Film American Fiction mendapat ulasan dan tanggapan yang sangat positif dari kritikus dan penonton. Film ini mendapat skor 94% di situs agregator ulasan Rotten Tomatoes, berdasarkan 212 ulasan, dengan rata-rata rating 8.4.

Film ini juga mendapat rating 8.1 di situs IMDb, berdasarkan 3.456 suara. Film ini dipuji karena ceritanya yang cerdas, aktingnya yang mengesankan, dan pesannya yang berdampak.

Kesimpulan

Film American Fiction adalah film yang layak ditonton oleh semua orang, terutama bagi mereka yang menyukai film-film satire dan komedi. Film ini menawarkan hiburan yang cerdas dan menggelitik, sekaligus menyampaikan pesan-pesan yang penting dan bermakna.

Film ini juga menampilkan akting yang luar biasa dari para pemerannya, terutama Jeffrey Wright yang berhasil memerankan dua karakter yang berbeda, yaitu Monk dan Stagg. Film ini juga memiliki sinematografi yang indah, musik yang menghanyutkan, dan penyuntingan yang apik.

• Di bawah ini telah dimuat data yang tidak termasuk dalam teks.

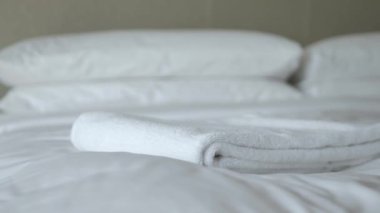 Otel hizmetleri yatak odasına havlu getiriyor.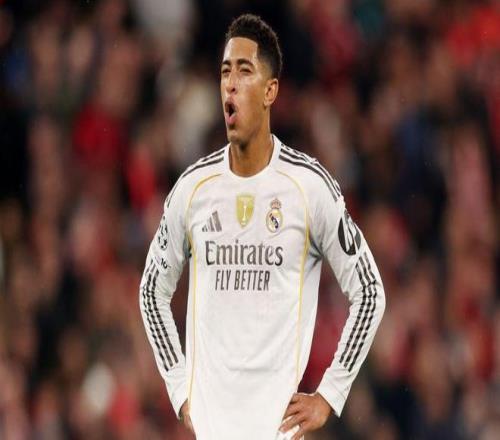 随着AC米兰3-2大逆转，意甲最新积分榜出炉：榜首易主+前三重洗牌（AC米兰3-2逆转，意甲新积分榜出炉：榜首易位，前三重排）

Film American Fiction adalah film yang tidak hanya menghibur, tetapi juga menginspirasi dan memprovokasi. Film ini mengajak penonton untuk berpikir kritis tentang isu-isu yang berkaitan dengan ras, kelas, gender, dan seni.

Film ini juga mengajak penonton untuk merefleksikan diri mereka sendiri, dan bertanya tentang siapa mereka sebenarnya. Film ini adalah film yang berani dan brilian, yang pantas mendapatkan penghargaan dan pengakuan.